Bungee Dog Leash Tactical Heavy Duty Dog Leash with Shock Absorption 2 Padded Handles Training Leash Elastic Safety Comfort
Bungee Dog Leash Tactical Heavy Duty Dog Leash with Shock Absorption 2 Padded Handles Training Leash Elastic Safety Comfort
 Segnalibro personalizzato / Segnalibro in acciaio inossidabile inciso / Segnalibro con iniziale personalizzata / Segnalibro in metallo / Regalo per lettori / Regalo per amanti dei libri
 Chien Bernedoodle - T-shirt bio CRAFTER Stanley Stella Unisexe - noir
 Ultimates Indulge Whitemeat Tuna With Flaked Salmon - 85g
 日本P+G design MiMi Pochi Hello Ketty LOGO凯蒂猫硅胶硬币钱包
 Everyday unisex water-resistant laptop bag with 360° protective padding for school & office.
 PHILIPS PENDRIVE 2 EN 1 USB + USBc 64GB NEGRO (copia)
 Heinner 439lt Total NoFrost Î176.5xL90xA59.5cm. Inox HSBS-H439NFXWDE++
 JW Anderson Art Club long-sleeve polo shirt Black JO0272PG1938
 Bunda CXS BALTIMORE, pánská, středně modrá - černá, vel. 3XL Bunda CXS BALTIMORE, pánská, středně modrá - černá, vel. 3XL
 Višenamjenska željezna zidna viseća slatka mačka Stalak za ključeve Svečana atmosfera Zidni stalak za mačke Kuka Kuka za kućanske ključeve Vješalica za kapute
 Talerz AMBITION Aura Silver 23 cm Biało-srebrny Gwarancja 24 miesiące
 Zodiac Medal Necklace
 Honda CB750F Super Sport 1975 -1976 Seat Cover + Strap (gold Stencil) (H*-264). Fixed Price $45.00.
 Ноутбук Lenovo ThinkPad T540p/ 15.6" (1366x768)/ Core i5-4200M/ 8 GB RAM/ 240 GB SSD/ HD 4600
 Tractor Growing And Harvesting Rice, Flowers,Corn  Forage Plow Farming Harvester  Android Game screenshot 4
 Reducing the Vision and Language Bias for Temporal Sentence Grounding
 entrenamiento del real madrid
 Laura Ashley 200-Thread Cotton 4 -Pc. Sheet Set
**********
**GOAL OF THE EXERCISE**
Return only the lines running from the line with "Everyday unisex water-resistant" to the last line of the records, both included, exactly as written.

**RESPONSE BOX**
 Everyday unisex water-resistant laptop bag with 360° protective padding for school & office.
 PHILIPS PENDRIVE 2 EN 1 USB + USBc 64GB NEGRO (copia)
 Heinner 439lt Total NoFrost Î176.5xL90xA59.5cm. Inox HSBS-H439NFXWDE++
 JW Anderson Art Club long-sleeve polo shirt Black JO0272PG1938
 Bunda CXS BALTIMORE, pánská, středně modrá - černá, vel. 3XL Bunda CXS BALTIMORE, pánská, středně modrá - černá, vel. 3XL
 Višenamjenska željezna zidna viseća slatka mačka Stalak za ključeve Svečana atmosfera Zidni stalak za mačke Kuka Kuka za kućanske ključeve Vješalica za kapute
 Talerz AMBITION Aura Silver 23 cm Biało-srebrny Gwarancja 24 miesiące
 Zodiac Medal Necklace
 Honda CB750F Super Sport 1975 -1976 Seat Cover + Strap (gold Stencil) (H*-264). Fixed Price $45.00.
 Ноутбук Lenovo ThinkPad T540p/ 15.6" (1366x768)/ Core i5-4200M/ 8 GB RAM/ 240 GB SSD/ HD 4600
 Tractor Growing And Harvesting Rice, Flowers,Corn  Forage Plow Farming Harvester  Android Game screenshot 4
 Reducing the Vision and Language Bias for Temporal Sentence Grounding
 entrenamiento del real madrid
 Laura Ashley 200-Thread Cotton 4 -Pc. Sheet Set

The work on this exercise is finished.